From: Borislav Petkov <bp@amd64.org>
To: Alex Shi <alex.shi@intel.com>
Cc: rob@landley.net, tglx@linutronix.de, mingo@redhat.com,
hpa@zytor.com, arnd@arndb.de, rostedt@goodmis.org,
fweisbec@gmail.com, jeremy@goop.org, gregkh@linuxfoundation.org,
borislav.petkov@amd.com, riel@redhat.com, luto@mit.edu,
avi@redhat.com, len.brown@intel.com, dhowells@redhat.com,
fenghua.yu@intel.com, ak@linux.intel.com, cpw@sgi.com,
steiner@sgi.com, akpm@linux-foundation.org, penberg@kernel.org,
hughd@google.com, rientjes@google.com,
kosaki.motohiro@jp.fujitsu.com, n-horiguchi@ah.jp.nec.com,
paul.gortmaker@windriver.com, trenn@suse.de, tj@kernel.org,
oleg@redhat.com, axboe@kernel.dk, a.p.zijlstra@chello.nl,
kamezawa.hiroyu@jp.fujitsu.com, viro@zeniv.linux.org.uk,
linux-kernel@vger.kernel.org
Subject: Re: [PATCH v4 3/7] x86/flush_tlb: try flush_tlb_single one by one in flush_tlb_range
Date: Thu, 10 May 2012 10:42:13 +0200 [thread overview]

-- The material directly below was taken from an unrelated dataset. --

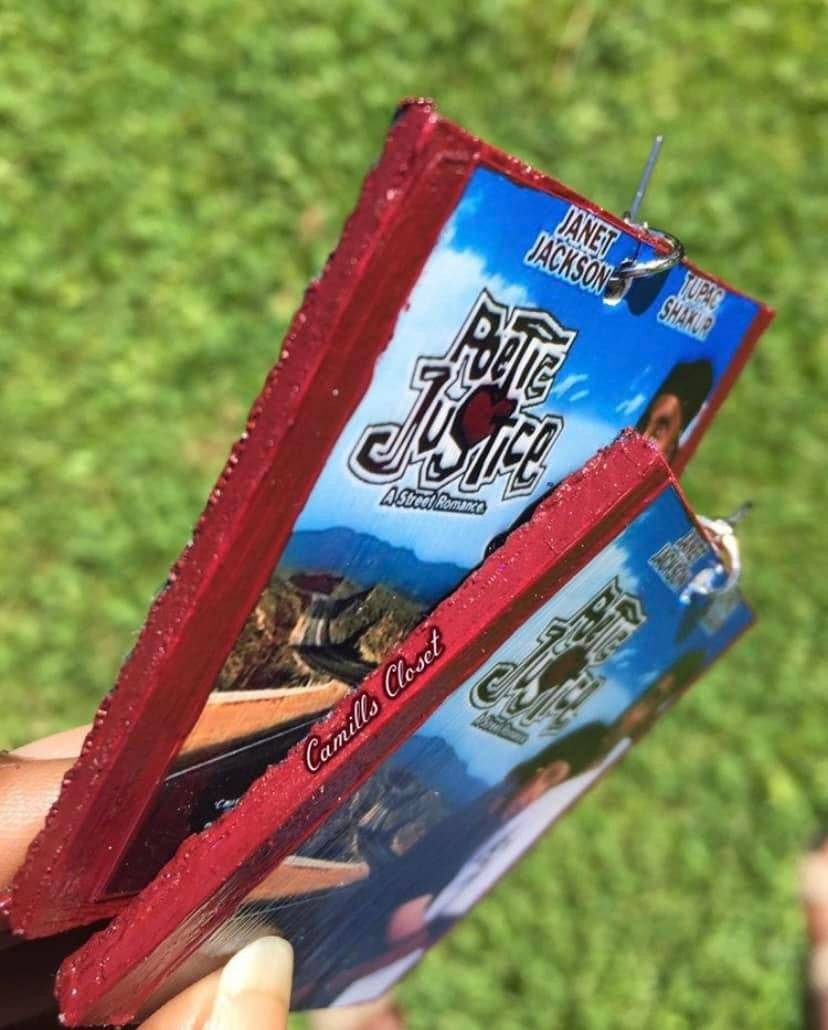 Poetic Justice Earrings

Message-ID: <20120510084213.GD30055@aftab.osrc.amd.com> (raw)
In-Reply-To: <1336626013-28413-4-git-send-email-alex.shi@intel.com>
On Thu, May 10, 2012 at 01:00:09PM +0800, Alex Shi wrote:
> x86 has no flush_tlb_range support in instruction level. Currently the
> flush_tlb_range just implemented by flushing all page table. That is not
> the best solution for all scenarios. In fact, if we just use 'invlpg' to
> flush few lines from TLB, we can get the performance gain from later
> remain TLB lines accessing.
>
> But the 'invlpg' instruction costs much of time. Its execution time can
> compete with cr3 rewriting, and even a bit more on SNB CPU.
>
> So, on a 512 4KB TLB entries CPU, the balance points is at:
> (512 - X) * 100ns(assumed TLB refill cost) =
> X(TLB flush entries) * 100ns(assumed invlpg cost)
>
> Here, X is 256, that is 1/2 of 512 entries.
>
> But with the mysterious CPU pre-fetcher and page miss handler Unit, the
> assumed TLB refill cost is far lower then 100ns in sequential access. And
> 2 HT siblings in one core makes the memory access more faster if they are
> accessing the same memory. So, in the patch, I just do the change when
> the target entries is less than 1/16 of whole active tlb entries.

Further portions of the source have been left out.